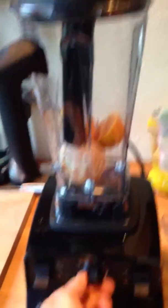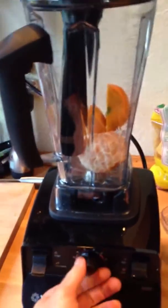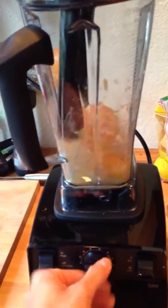Put the lid on, turn the dial to zero, turn it on, crank it up.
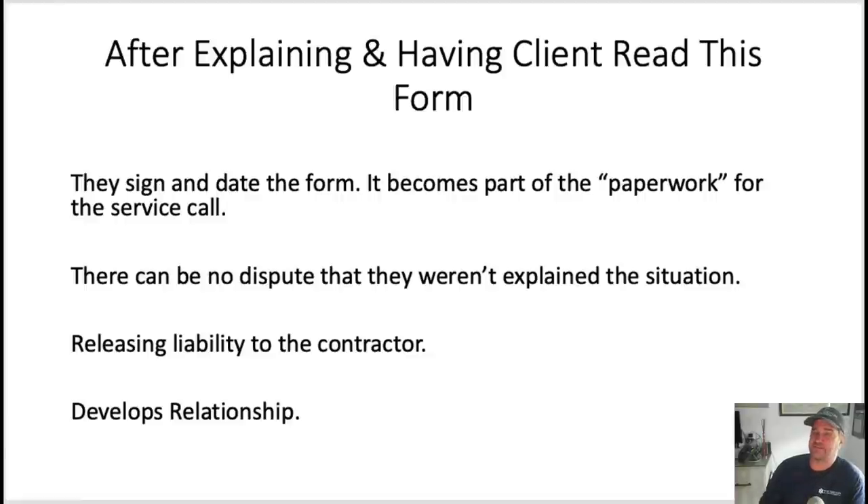After explaining this page in your own words — don't read it verbatim like a robot, explain it like you're talking to a family member or best friend — you have them read the form. Hand them the form and say: please read this for my protection and yours. Unfortunately there are more lawyers than HVAC techs out there. You can even say: my boss will reprimand me if you don't initial or sign this. If they don't agree to this, then the service call is over. Have a nice day.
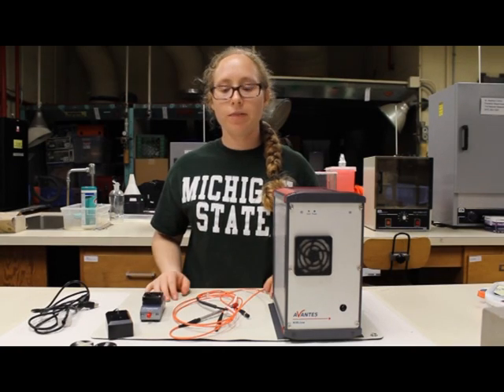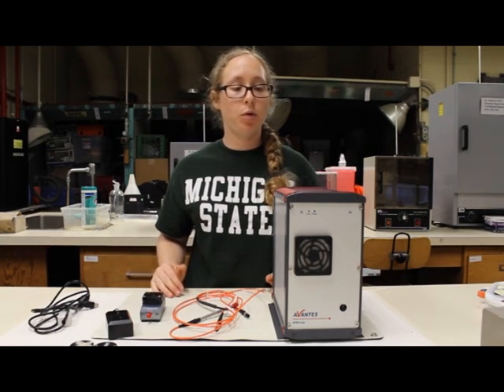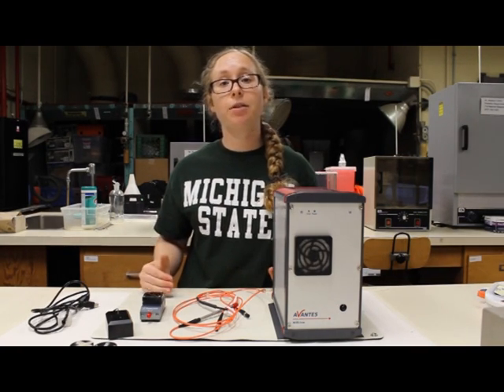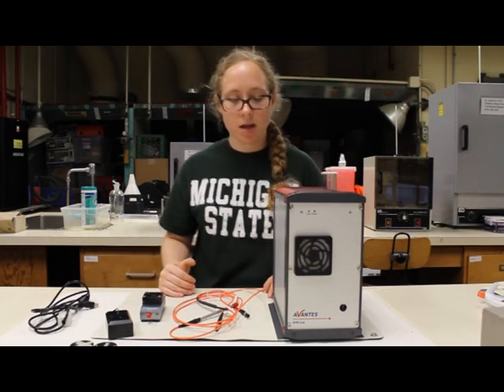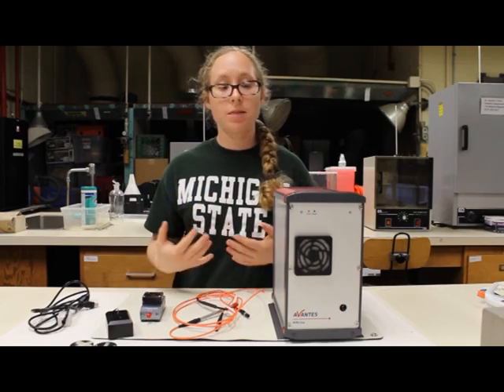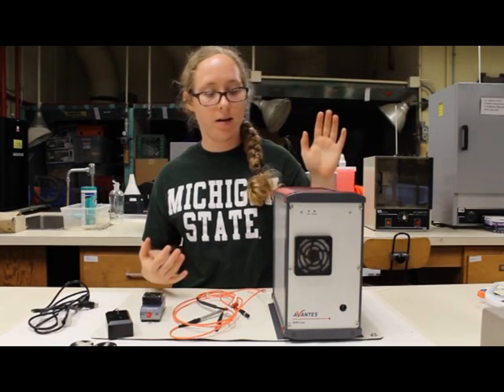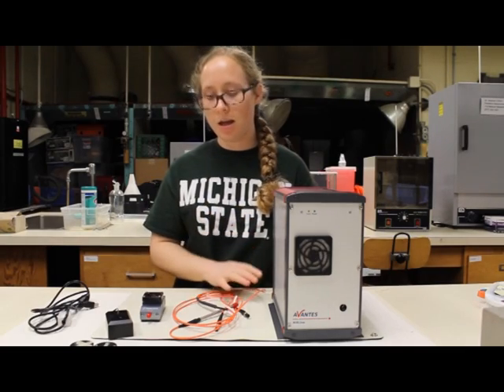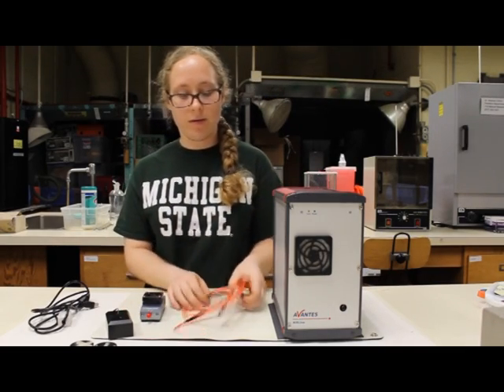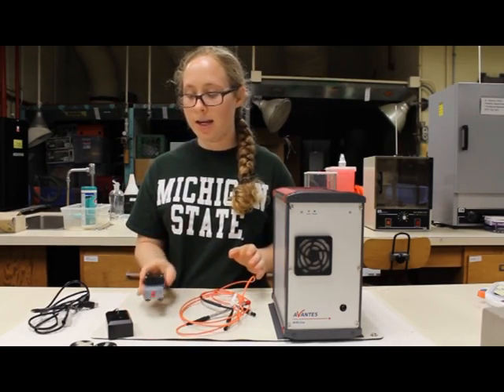This is a brief overview of the type of equipment used when collecting near-infrared spectroscopy reflectance measurements. In this setup, there is a spectrometer from Avantes in the near-infrared line, as well as a reflectance probe and a light source.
* * *
**EXERCISE REQUIREMENTS:**
Set down the line containing "After explaining this" and every line after it up to the end of the material, exactly as written, but not the pictures.

**REPLY TO THE EXERCISE:**
After explaining this page in your own words — don't read it verbatim like a robot, explain it like you're talking to a family member or best friend — you have them read the form. Hand them the form and say: please read this for my protection and yours. Unfortunately there are more lawyers than HVAC techs out there. You can even say: my boss will reprimand me if you don't initial or sign this. If they don't agree to this, then the service call is over. Have a nice day.
This is a brief overview of the type of equipment used when collecting near-infrared spectroscopy reflectance measurements. In this setup, there is a spectrometer from Avantes in the near-infrared line, as well as a reflectance probe and a light source.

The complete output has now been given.